28.The forecasts for key outcomes under baseline assumptions are:

  • Public transport journey times
    Average peak journey times (in terms of time taken to travel one kilometre) increase very slightly, by 0.2%, across public transport as a whole. Average peak journey times on the Underground increase by 2%.
  • Underground crowding
    The number of 'crowded' links would increase from 53 in 2000 to 63 in 2010.
    The number of 'very crowded' links would increase from 20 to 33[12].
  • Road traffic and congestion
    Traffic in central London grows by 2.5%5% between 2000 and 2010. In outer London traffic growth is above 10% in many places. Congestion across London as a whole already three and a half times the national average rises by 13%.

29.The Plan sets out the measures proposed to address these challenges of rising road and public transport congestion.

Road traffic and congestion modelling

30.Total road traffic in Great Britain has grown by over 70% over the last twenty years. This largely reflects rising incomes and increased car ownership leading to increased car use. Goods vehicle traffic has also grown strongly as the economy has grown.

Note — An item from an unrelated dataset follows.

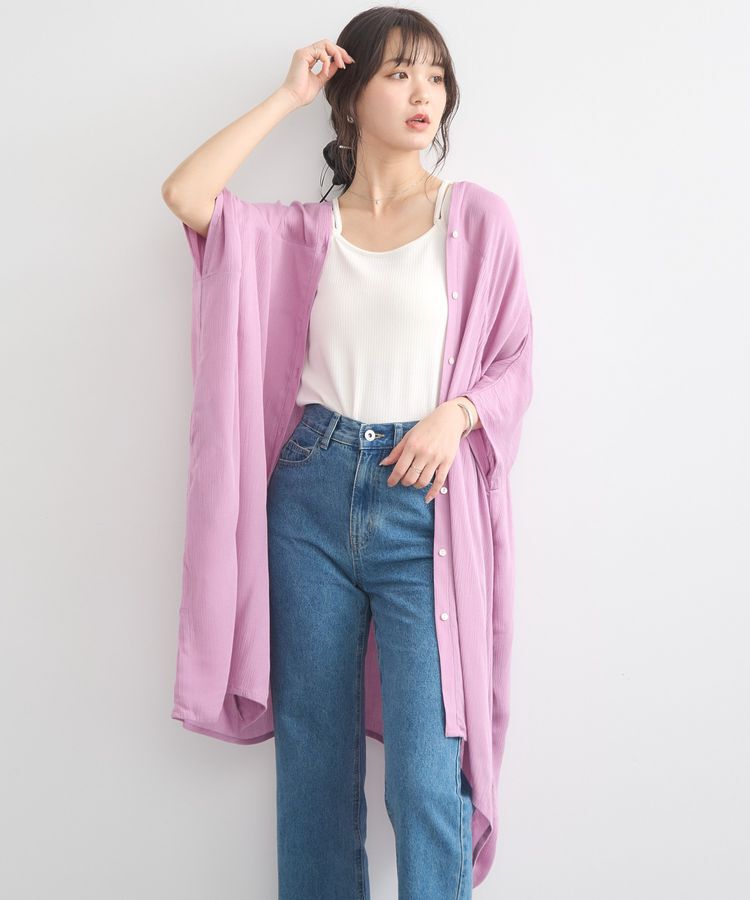 earth music&ecology「レーヨンビッグシャツチュニック」|チュニック|Purple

The growth in traffic has led to increasing congestion on the road network, particularly in urban areas.

31.Figure 5 below compares road traffic growth and GDP growth. In recent years, however, the relationship between traffic growth and economic growth has eased. It has averaged less than 1:1 since the 1989 peak of the economic cycle. This reflects in particular:

  • higher levels of car ownership and hence reduced scope for further growth amongst those household groups, for example the elderly and young adults, who previously had low levels of car ownership;
  • rising congestion; and
  • increasing application of policy measures that increase the attractiveness of public transport, walking and cycling.

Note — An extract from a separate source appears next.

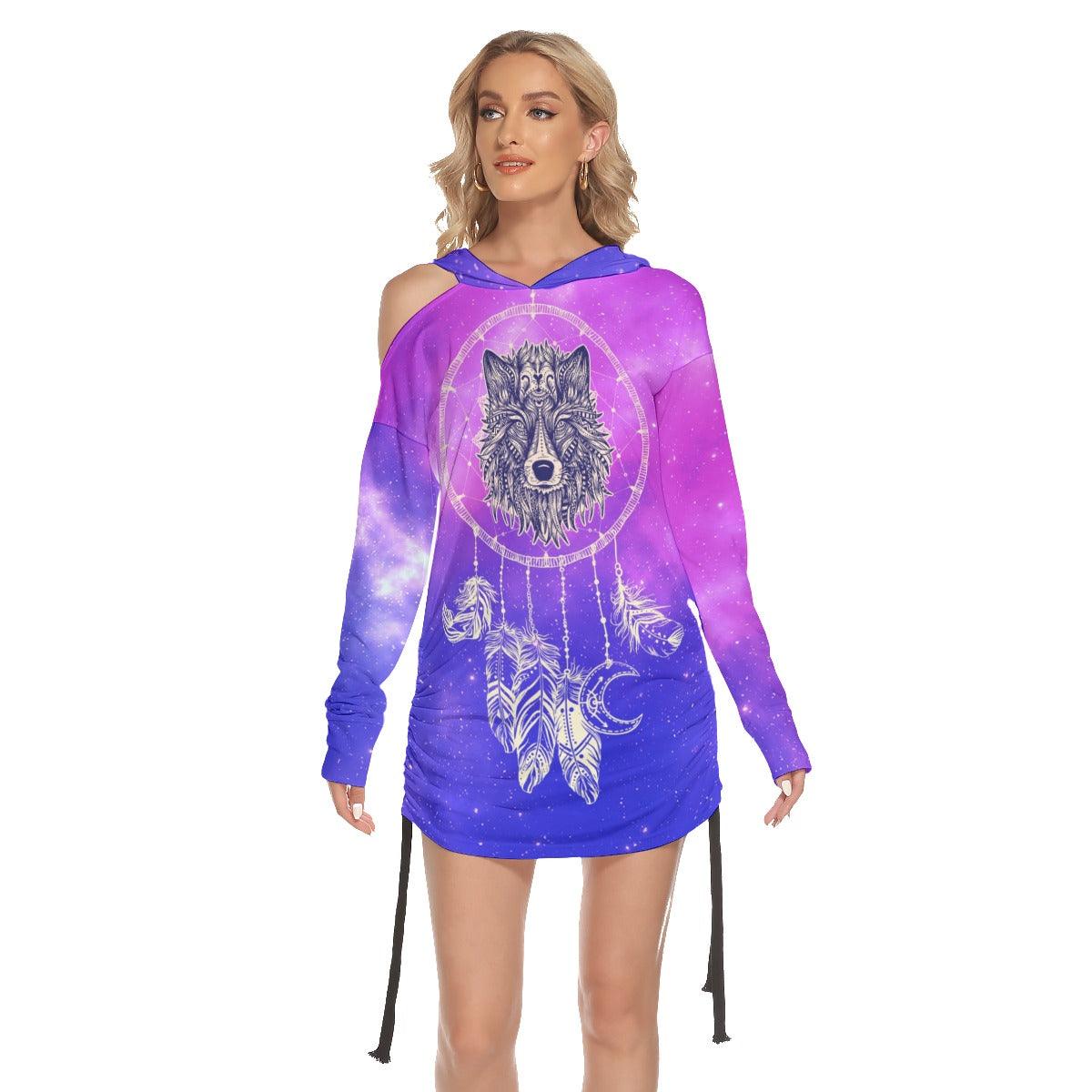 Gradient Wolf Chime All Over Print Women One Shoulder Dress With Waist Shirring, Long Hoodie For Women - Women Skull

Figure 5: Road traffic and GDP growth

Figure 5: Road traffic and GDP growth

32.We have used the NRTF framework to forecast the impact of policies on traffic growth and congestion in England in different areas and on different road types (and on road traffic emissions see paragraph 39 below). A more detailed description of these models and how they have been developed is at Annex B. In summary, the key stages are:

  • forecasting the underlying growth in car traffic from changes in car ownership and car use by household type;
  • forecasting the underlying growth in goods vehicle and van traffic by commodity sector from projections of trends in load factors, empty running, length of haul, and vehicle type split;
  • changes to these underlying forecasts to take into account responses to increased journey times due to congestion and changes in money costs (for example fuel costs and congestion charges);
  • changes to the forecasts to reflect the impact of other policy measures, including:
    • improvements to the attractiveness of public transport and rail freight (using, for example, the outputs of the LTS, passenger rail and rail freight models);
    • land use planning policies; and
    • sustainable distribution policies, influencing, for example, goods vehicle load factors and empty running.

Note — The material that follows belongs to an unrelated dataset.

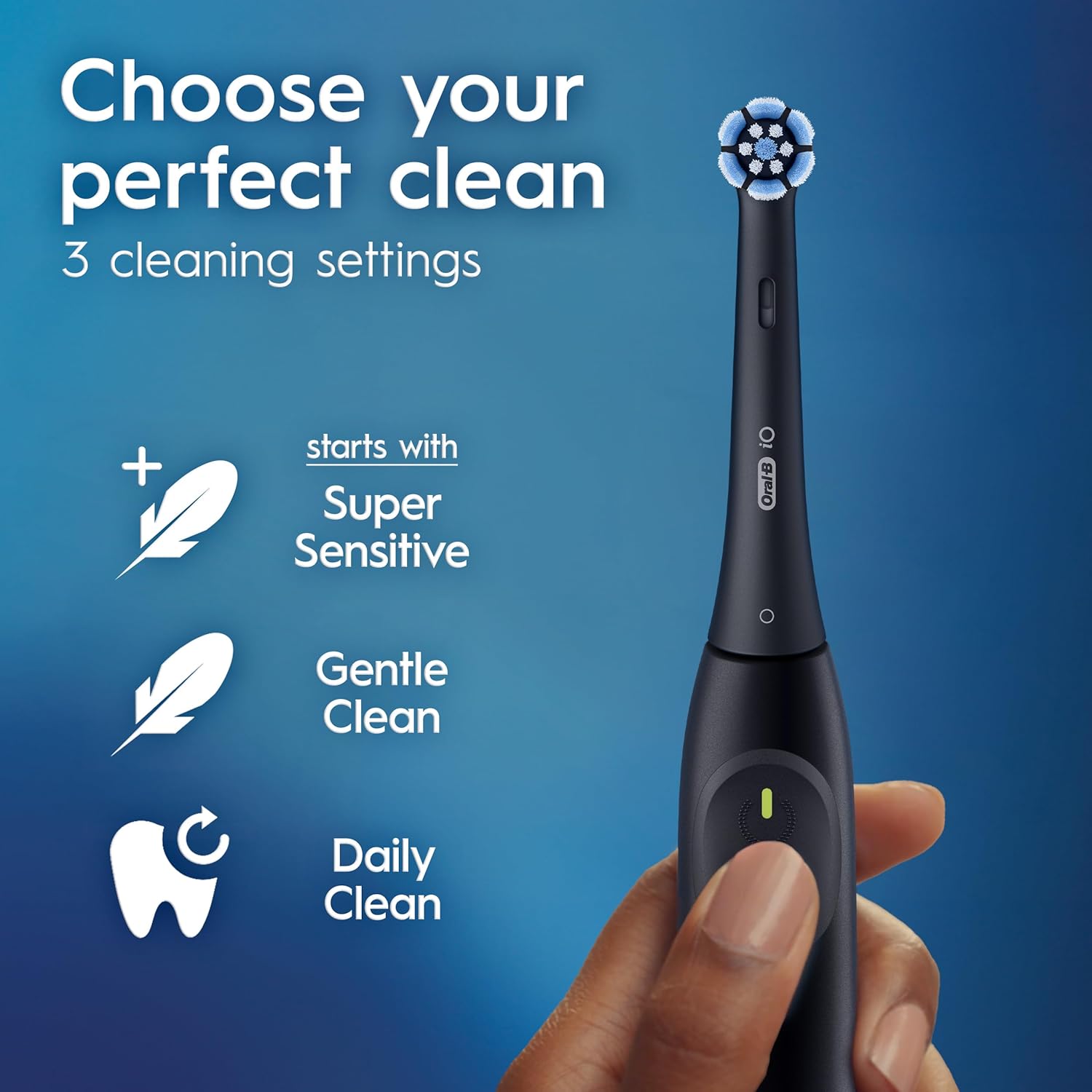Oral-B iO Series 2 Rechargeable Electric Powered Toothbrush Starter Kit, Night Black with 2 Brush Heads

33.There is currently no widely accepted definition of congestion. The definition used for our analysis of the Plan is the same as for our report Tackling Congestion and Pollution [13]. It is based on the difference between the travel times road users would achieve in free-flowing traffic conditions[14] and the travel times they are forecast to encounter at the levels of traffic, road capacity and hence speeds forecast in the model. This measure is expressed in terms of the average time lost per kilometre driven. We will be giving further thought to measures of congestion as part of our discussions with local authorities, business and others on congestion benchmarks and targets promised in Tackling Congestion and Pollution.

34.Figure 6 compares our estimates of the current levels of congestion in different areas and on different types of road[15]. This illustrates that the greatest problems of congestion are currently in our largest cities. This variation needs to be borne in mind when considering the forecasts of congestion growth for different areas and roads presented later in this paper.

Figure 6: Estimated congestion in 2000 by area/road type compared with all-England average

 

All Roads

Inter-urban
Trunk Roads

 

All areas

London

Conurbations
and Large
Urban

Other Urban

Other

 

Index of time lost per km
(All road average = 100)

100

367

212

98

35

57

35.We prepared baseline forecasts of 2010 traffic and congestion[16] before taking into account the effect of the measures in the Plan. These are set out in Figure 7 below.

36.The underlying assumptions for these baseline forecasts are set out in detail in Annex B. The key points are:

  • no change in car ownership costs, non-fuel running costs or fuel duty in real terms;
  • improvements in new car fuel efficiency sufficient to deliver the EC voluntary agreements with car manufacturers[17]. Together with underlying fuel efficiency improvements in the car fleet and the other assumptions, this results in an average reduction in motoring costs per car kilometre across the car fleet as a whole of some 20% in real terms between 2000 and 2010;
  • no significant change in the quality of public transport;
  • completion of the 37 trunk road schemes in the Targeted Programme of Improvements as set out in the Government's roads review document[18] (but not the three schemes subsequently added to the programme).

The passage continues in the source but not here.